Today Ireland is still regarded as one of the most devote and Catholic countries on earth. It is said that only in Ireland and Italy will the people listen to the Pope over the politicians. The people of Ireland love their saints and so today they will be praying, attending services and feasting in memory and praise of their beloved saints.
November 3rd, 2012
Today we celebrate the feast of St Malachy, one of the most important and influential Irish Saints. His work brought about the modern Irish church structure and his legacy is still being felt, as well as his controversies throughout the wider Catholic church today.
Born at the end of 11th Century in Armagh to noble parents Malachy was trained by the Abbot of Armagh before being ordained at the age of 25. He then studied further at Lismore. This was a time of great learning and theology in Ireland, it gave rise it the island being known as the land of ‘Saints and Scholars’ a title it still revels in today. St Malachy was the first Irish Saint to be canonized giving him a unique place in history and a more significant place in national remembrance.
During his lifetime he was Bishop of Bangor, Down & Connor and Armagh as well as Legate of Ireland. His influence over the church was sealed when he became a negotiator between the Irish Church and the Pope in Rome. He restructured the church in Ireland which has lost its way on the periphery of the Christian world, out of sight out of mind from Rome had led to a rather lax and undisciplined organisation. He has been likened to Boniface in Germany around the same time, bringing in discipline and monasticism to the core of the church’s practices.

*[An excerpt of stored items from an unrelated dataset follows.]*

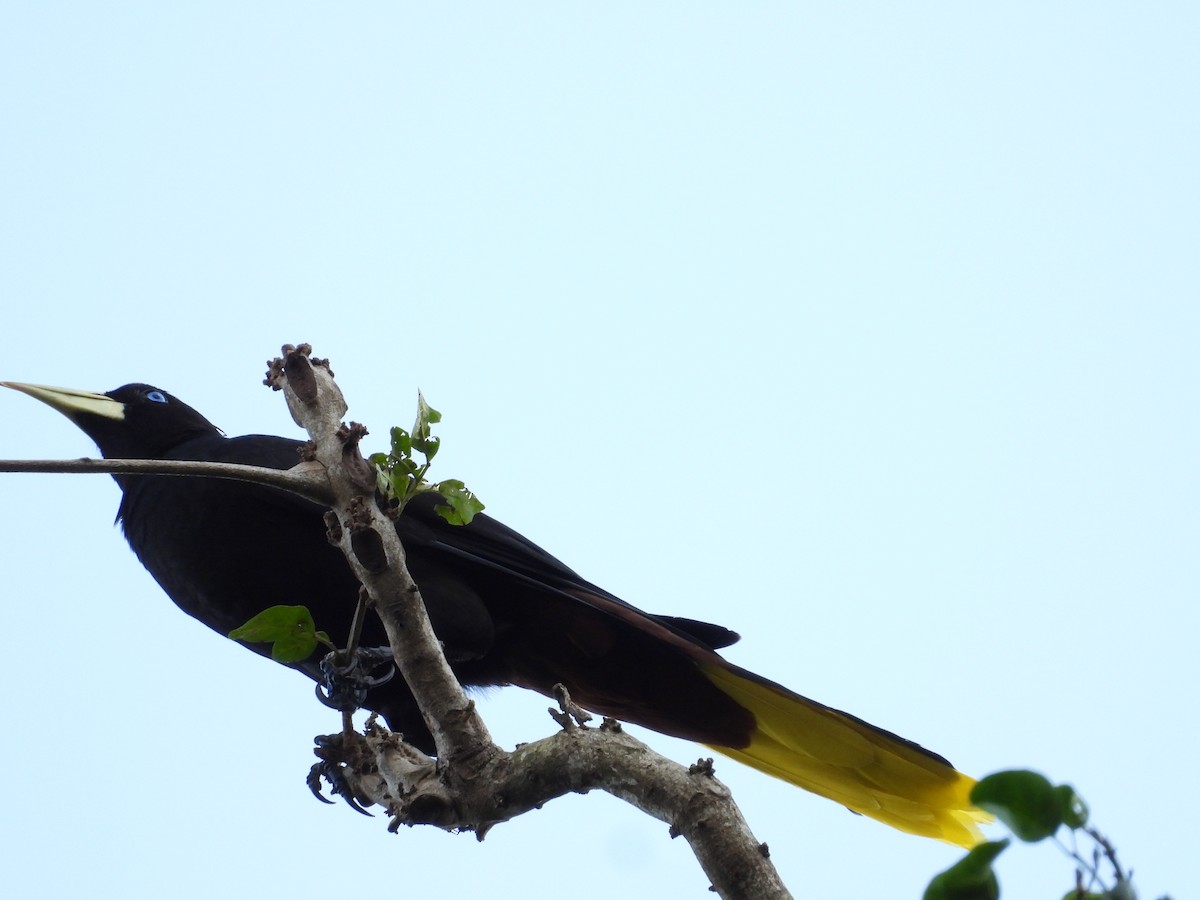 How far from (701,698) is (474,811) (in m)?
1.34

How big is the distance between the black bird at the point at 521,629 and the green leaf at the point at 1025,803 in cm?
215

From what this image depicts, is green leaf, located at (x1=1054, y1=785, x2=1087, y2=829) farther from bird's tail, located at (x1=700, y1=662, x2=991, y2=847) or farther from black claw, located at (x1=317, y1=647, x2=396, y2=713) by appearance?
bird's tail, located at (x1=700, y1=662, x2=991, y2=847)

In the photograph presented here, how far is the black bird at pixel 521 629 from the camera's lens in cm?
348

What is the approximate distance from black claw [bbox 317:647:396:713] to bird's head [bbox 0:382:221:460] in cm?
153

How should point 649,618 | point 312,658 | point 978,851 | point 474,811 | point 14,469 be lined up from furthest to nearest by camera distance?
point 649,618 → point 312,658 → point 474,811 → point 14,469 → point 978,851

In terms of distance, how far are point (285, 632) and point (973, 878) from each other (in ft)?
5.54

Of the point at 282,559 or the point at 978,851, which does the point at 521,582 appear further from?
the point at 978,851

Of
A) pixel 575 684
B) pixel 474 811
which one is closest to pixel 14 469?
pixel 474 811

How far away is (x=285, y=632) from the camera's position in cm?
261

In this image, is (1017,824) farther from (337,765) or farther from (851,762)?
(851,762)

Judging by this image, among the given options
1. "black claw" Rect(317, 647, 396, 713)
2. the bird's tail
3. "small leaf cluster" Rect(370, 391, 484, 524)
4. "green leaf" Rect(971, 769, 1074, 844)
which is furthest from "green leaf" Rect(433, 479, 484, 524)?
"green leaf" Rect(971, 769, 1074, 844)

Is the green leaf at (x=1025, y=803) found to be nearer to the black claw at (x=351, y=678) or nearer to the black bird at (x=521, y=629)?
the black claw at (x=351, y=678)

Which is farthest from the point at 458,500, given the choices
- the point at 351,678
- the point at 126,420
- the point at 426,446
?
the point at 126,420

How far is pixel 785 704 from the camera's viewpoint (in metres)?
3.58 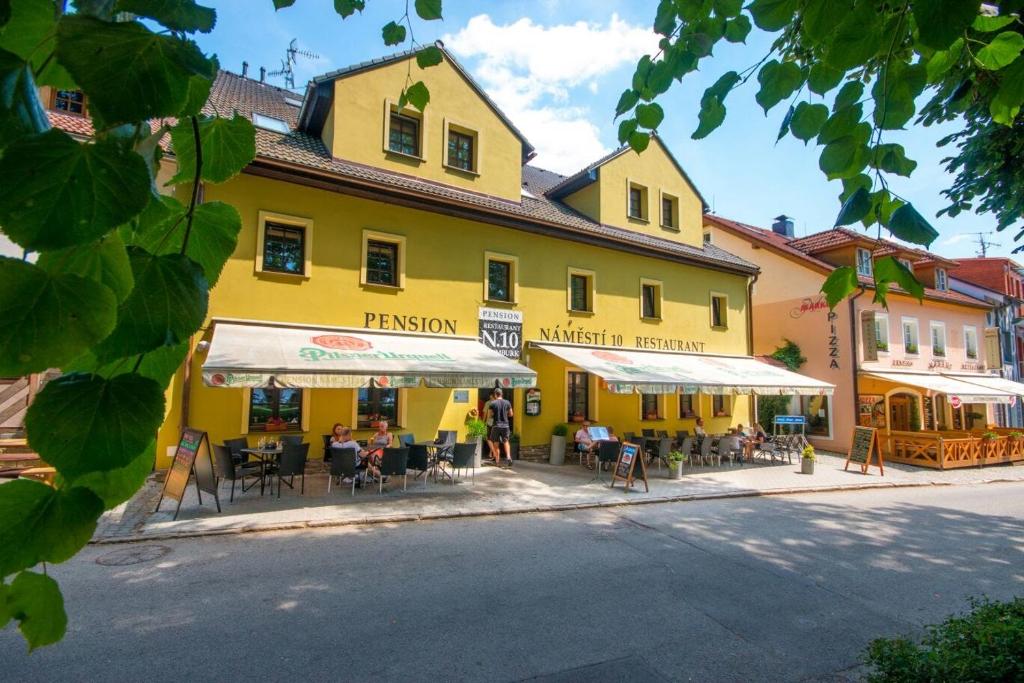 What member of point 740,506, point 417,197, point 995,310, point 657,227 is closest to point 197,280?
point 740,506

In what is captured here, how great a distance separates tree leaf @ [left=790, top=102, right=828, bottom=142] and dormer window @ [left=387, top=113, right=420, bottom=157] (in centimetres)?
1321

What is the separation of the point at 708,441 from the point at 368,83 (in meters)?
13.3

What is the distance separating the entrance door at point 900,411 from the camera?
71.6 ft

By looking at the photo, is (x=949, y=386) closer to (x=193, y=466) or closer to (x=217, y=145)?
(x=193, y=466)

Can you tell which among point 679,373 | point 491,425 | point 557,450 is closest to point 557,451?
point 557,450

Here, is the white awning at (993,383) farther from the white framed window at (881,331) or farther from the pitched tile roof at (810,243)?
the white framed window at (881,331)

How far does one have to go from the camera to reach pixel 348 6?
2471mm

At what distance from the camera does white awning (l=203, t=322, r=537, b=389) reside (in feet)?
30.1

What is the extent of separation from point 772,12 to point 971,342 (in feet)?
105

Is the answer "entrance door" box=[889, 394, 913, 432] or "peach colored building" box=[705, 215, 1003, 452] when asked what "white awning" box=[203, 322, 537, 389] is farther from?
"entrance door" box=[889, 394, 913, 432]

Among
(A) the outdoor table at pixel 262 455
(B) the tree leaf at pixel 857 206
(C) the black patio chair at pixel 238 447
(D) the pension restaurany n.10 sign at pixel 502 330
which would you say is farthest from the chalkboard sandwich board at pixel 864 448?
(B) the tree leaf at pixel 857 206

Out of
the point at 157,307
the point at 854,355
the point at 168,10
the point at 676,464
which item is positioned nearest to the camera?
the point at 157,307

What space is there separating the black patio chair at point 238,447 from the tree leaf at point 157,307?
10504 millimetres

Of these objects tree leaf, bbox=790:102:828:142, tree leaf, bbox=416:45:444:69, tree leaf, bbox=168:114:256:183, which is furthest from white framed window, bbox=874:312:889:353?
tree leaf, bbox=168:114:256:183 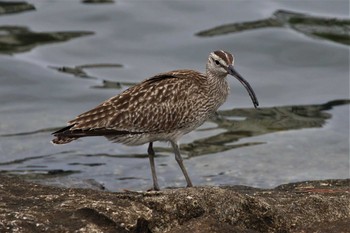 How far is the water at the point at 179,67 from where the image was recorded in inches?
605

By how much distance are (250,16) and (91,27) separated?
11.5ft

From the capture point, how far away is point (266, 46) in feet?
72.0

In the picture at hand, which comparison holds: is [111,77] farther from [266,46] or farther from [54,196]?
[54,196]

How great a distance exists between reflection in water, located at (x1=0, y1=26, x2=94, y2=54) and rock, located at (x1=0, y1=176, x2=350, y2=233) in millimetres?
12738

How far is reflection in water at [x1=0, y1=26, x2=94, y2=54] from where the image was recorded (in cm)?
2167

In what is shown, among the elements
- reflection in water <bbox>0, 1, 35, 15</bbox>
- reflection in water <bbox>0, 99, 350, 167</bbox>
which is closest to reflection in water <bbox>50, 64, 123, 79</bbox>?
reflection in water <bbox>0, 1, 35, 15</bbox>

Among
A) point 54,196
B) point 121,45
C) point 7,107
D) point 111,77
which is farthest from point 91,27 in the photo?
point 54,196

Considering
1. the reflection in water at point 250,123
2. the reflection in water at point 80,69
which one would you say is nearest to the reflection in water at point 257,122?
the reflection in water at point 250,123

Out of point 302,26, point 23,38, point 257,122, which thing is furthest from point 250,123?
point 23,38

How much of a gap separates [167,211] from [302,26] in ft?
48.7

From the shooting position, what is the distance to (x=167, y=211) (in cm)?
809

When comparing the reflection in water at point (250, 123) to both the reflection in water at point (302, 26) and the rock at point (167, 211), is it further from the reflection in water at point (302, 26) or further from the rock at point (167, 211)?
the rock at point (167, 211)

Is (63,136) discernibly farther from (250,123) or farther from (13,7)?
(13,7)

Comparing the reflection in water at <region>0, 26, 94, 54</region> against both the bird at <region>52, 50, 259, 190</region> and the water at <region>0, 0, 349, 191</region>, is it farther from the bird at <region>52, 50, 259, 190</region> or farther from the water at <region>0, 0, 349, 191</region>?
the bird at <region>52, 50, 259, 190</region> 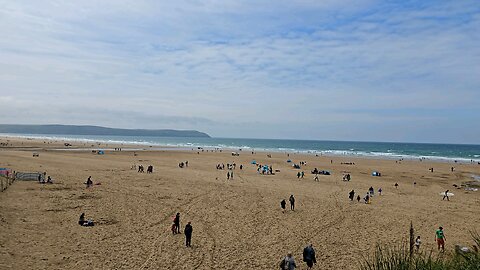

Malachy died in Northern France in the arms of St Bernard after falling ill on his second trip to Rome. He was 54 years old.
October 25th, 2012
Like many things to do with faith the devotion, tradition and significance of the Rosary has changed very little in the last 400 years, but look beyond that and we can see the journey the Rosary took along with the rest of Christianity to become a central part of our daily faith practices.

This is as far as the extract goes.